I've been slowly building myself an 8 string. I didn't see any point in throwing huge amounts of money at Ibanez for something I can build myself, so I'm working on a guitar that bridges the TAM100 and the M80M. I started this awhile ago, but due to limited access to tools combined with added responsibility/hours at work has led to this being a slow process. There have been a couple hiccups along the way, but it's been a good learning experience.

*Specs*:

29.4" 8 string, 22 frets
5 piece neck (three pieces of wenge with two 0.125 inch quilted maple laminates) with bookmatched flamed maple headplate cut from the top used on the body
ebony fingerboard w/maple purfling and ebony binding
basswood body
bookmatched flamed maple top w/bent forearm bevel
single volume knob (gold w/fancy top)
Hipshot fixed bridge, black base, gold saddles
Gotoh tuners, exact model as on the TAM100. Gold w/pearl buttons.
*
Undecided aspects*:

*Inlays*. I had planned to do flamed maple block inlays, but from what I've read, it sounds as though it may be exceptionally difficult to have the maple not end up affected badly by the ebony dust during the fb radius process. I've found a semi-local source for MOP, but having never worked with the material before, it's a bit of a question mark. 
*
Pickup(s)*. I love the way the Meshuggah guitars look with only a bridge pickup, but since I decided on doing only 22 frets (not overly interested in much lead work, I'm primarily a rhythm type), I feel like the guitar could benefit visually from having a neck pickup. I've only ever had one guitar with a middle pickup, and I didn't use it at all, and found it to be frequently in the way. So, I don't think I'll be bothering with a middle single coil like the TAM. I think the best options here would be to have either a single coil or normal humbucker for the neck, but as I understand it, the single coil Ionizer isn't well-suited to being used on it's own. more research needed, clearly.
*
Controls*. This depends on the pickup decision. If I do go with a neck pickup, that will necessitate a bit more complexity, but if I do stick with doing the bridge pickup alone, that'll be dead easy to decide on. I'll be using a single volume regardless of the amount of pickups, but if I do go with only the bridge, I'll have a mini-switch to do a coil-tap of some sort.

Anyway, it's late and I'm rambling. Here are some photos of the process/where I'm at currently:


Some of you commented on the top in the 'What's on your workbench' thread, some suggested placing the body outline higher, but I chose to go the route I did specifically to have the headplate match the body. If I do the wood block inlays, they'll be cut from this same top.

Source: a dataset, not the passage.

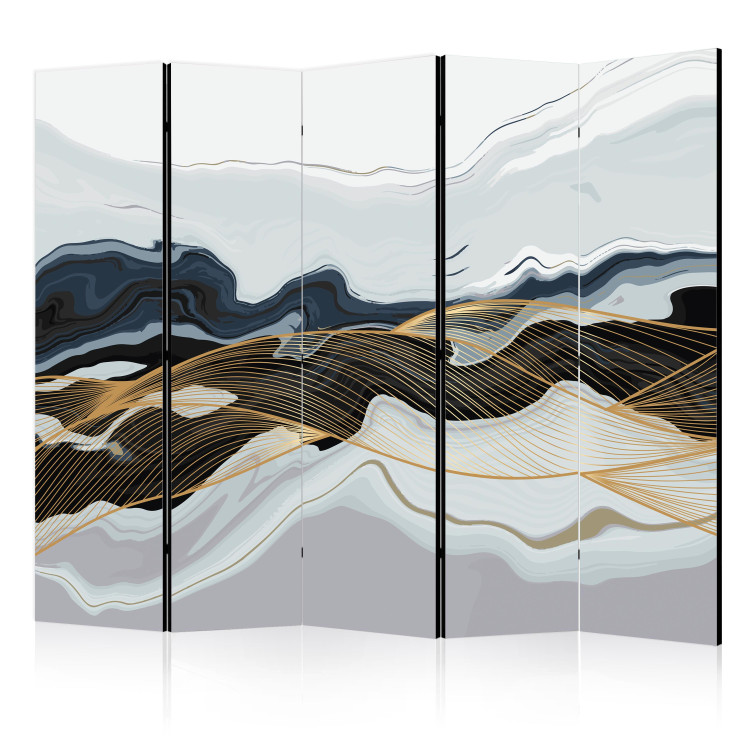 Room Divider Screen Abstract Pattern - Wave in Gold and Blues II [Room Dividers] 159561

No shots from the body blank glueup, nor getting the shape cut out. Typical bandsaw/spindle sander action before pre-routing wiring channels. One idea I had near the beginning was to get a single coil middle Ionizer and have it placed quite near to the bridge pickup, sort of like Stephen Carpenters sigs. Hence the additional wiring rout near the bridge hb channel.





First real setback. I made a thread about it. Long story short, glued everything, cut scarf, glued that, the wood shifted and was no longer square. I came across one of Knightro's posts on projectguitar showing a method of undoing a scarf, and it worked perfectly. Just needed a little bit of sanding after the fact and a quick meeting with a jointer/planer, and it was good to go.

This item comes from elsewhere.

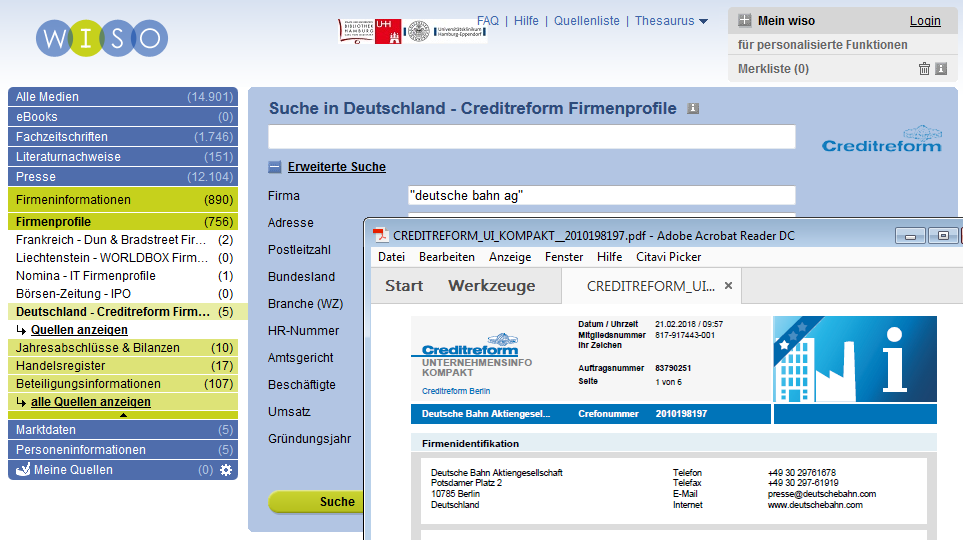 Deutsche Bahn - wiso Wirtschaftspraxis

For the top, I left it a bit thicker than I should've to try bending over the bevel. I also made a thread about this topic. 









The moisture method proved to be fairly easy, albeit a bit more drawn-out than I had thought it would be. Bottom picture is after something like 12 hours later I think. I re-soaked the towel with scalding hot water every few hours.





After a couple days of using light clamping combined with the frequent re-soaking of the towel, I got to this point. The top is a hair over 0.25", so it took awhile to get it bent this much.





Finally glued and clamped it. Do you see my mistake? That's right, somehow completely forgot to use cauls and directly clamped the top. It stained the wood. Also, I should've done a bit more of the moisture work, as clamping it caused some minor grain separation  Ah well, hopefully, I can get some of the marks out, or hide them while finishing. I've made a dust/wood glue paste to attempt to fill the separated areas, I've not got a picture handy but I think it worked out mostly. I'd say the moisture bending method was fairly successful.









Here's a shot of the fingerboard after gluing the binding. I'd made a thread about gluing many pieces of binding/purfling, but ended up only going with one piece of purfling w/the binding after all.





So here's a shot of the result of my method for doing truss rods. I set up a fence on a router table and do 3-4 passes to get to depth. Then I switch to a round nose router bit (something like this) to end up at this point.





One negative aspect is the gap it leaves if you glue the fb at this point, so I made a couple little fill-in pieces. 









Moving on to the body, I've gotten the belly carve and the lower horn scoop done. I always see people badmouthing basswood, but in my opinion, basswood is ****ing gorgeous. The grain on mine looks like butterscotch or something.










Here's a couple shots better showing my extremely high-tech work bench, or I guess I should say 'work deck'.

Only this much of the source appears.